Si l’on en juge par le traitement judiciaire abracadabrant, qui a été réservé finalement à ce dossier, qui est en réalité, un test de grandeur nature, pour la suite de la traque des biens mal acquis et de la répression de l’enrichissement illicite.
Ce dossier, donne bien des raisons de désespérer et des craintes pour l’avenir qui leur est réservé.

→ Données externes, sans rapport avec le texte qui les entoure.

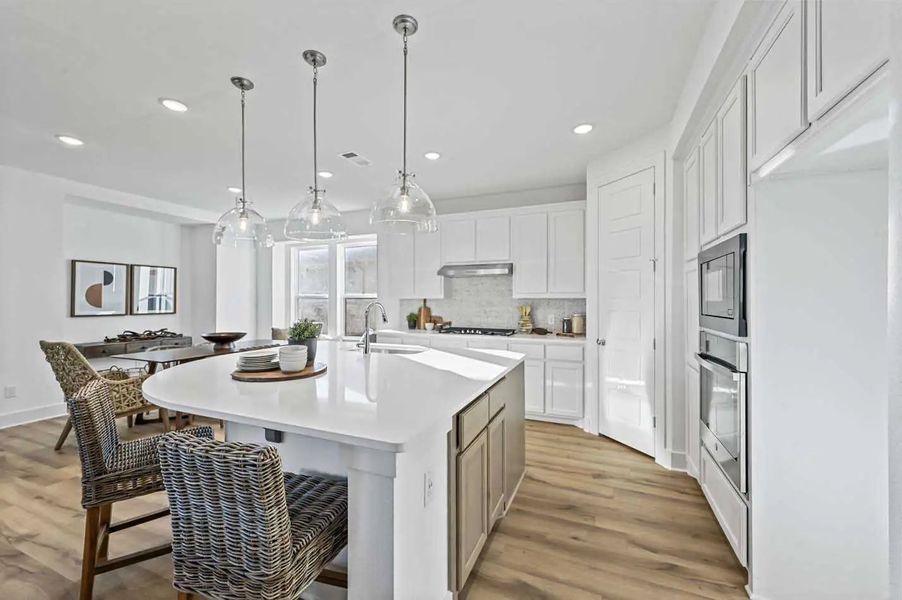 Furnished interior in a model home at Mantua Point: 40ft. lots in Van Alstyne (Image 5).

A y regarder de près, et en observant les revirements des uns et des autres, les contradictions et autres divergences de positions, qui ont été aplanies ou aplaties, pour devenir la seule position officieuse, à savoir l’option finale de la « médiation pénale » dans cette affaire d’enrichissement illicite.
Pour le commun des mortels, le but visé par la loi avec ses sanctions prévues contre le délinquant, est bien de faire réparer les torts causés à la victime, et d’éviter entre autres, que ces derniers ne puissent user du bénéfice de leur vol.
Dans le cas qui nous préoccupe, c’est bien le peuple sénégalais qui est la victime toute désignée, parce que c’est lui qui a été spolié de son patrimoine ou de ses ressources destinées à son développement.
Mais admettons par exemple ce cas de figure où les biens volés appartiendraient à un tiers privé. Est-ce que ce dernier accepterait, une fois que le voleur ait été pris, et les biens identifiés et localisés, d’en céder la moitié ou simplement une partie à son voleur ? Je ne le crois !
Et ce n’est pas tout, car il est également laissé libre comme le vent, avec une partie de son butin. C’est une sacrée loi celle-là! Car, elle incite ni plus ni moins au vol de gros sous.
Dans le cas d’espèce, il y a là, un cas de conscience qui concerne personnellement le président de la République. En ce sens qu’il est représentant attitré du peuple sénégalais et la personne morale, qui doit défendre les intérêts de la nation et veiller à la sauvegarde ainsi qu’à l’inviolabilité de ces biens. Il n’a nullement le droit de laisser un seul centime du peuple aux pilleurs des biens de la nation.
La loi –qualifiée d’impersonnelle- doit s’appliquer dans toute sa rigueur, à l’encontre de tous ceux qui commettent des délits avérés, aussi bien envers la nation, qu’au détriment des tiers.
Il n’y a pas de raison, si nous ne sommes pas vraiment en face d’une justice à deux vitesses, que des voleurs de poulets et d’objets insignifiants croupissent en prison pendant des mois voire des années, comme des laissés-pour-compte, alors qu’au même moment, des voleurs de milliards se font traiter avec beaucoup d’égard et d’attention, comme des VIP.
Cela est inadmissible dans une République qui se respecte, et où la loi est une, et applicable à tous sur le même pied. Il semblerait exister dans la République du Sénégal -mais ignorées par le citoyen lambda- des lois parallèles spécieuses non issues peut-être du Code de procédure pénale, étudiées et destinées à l’intention d’une catégorie de citoyens à part, synonymes de voleurs de luxe.
Qui sait ?
Avec les bizarreries de notre pays, toutes les incongruités peuvent y être décelées, comme cet arrangement en face de nous, à savoir quelqu’un qui vole une valeur de 8 milliards, mais qui n’en rembourse tout au plus, que 3,6, et sans aucune incarcération. Ce n’est pas juste du tout !
Autrement dit, c’est une forme d’impunité que l’on nous sert encore, à travers ce cas d’école. Ainsi, il n’est pas faux de penser que nous avons au Sénégal, des citoyens ordinaires et des citoyens plus, qui ne sont pas évidemment, régis par les mêmes lois de la République.
Le Président de la République, doit bien veiller à l’exécution de sa feuille de route ou son tableau de bord, tel qu’il l’avait décliné et promis au peuple sénégalais lors de son élection. Il en est de même que son agenda doit être établi en fonction de ce qui précède et aussi de la durée de son mandat, fixé librement par lui-même.
« Alallu mbollo wala bu jambur baafa la tudd » dit l’adage wolof.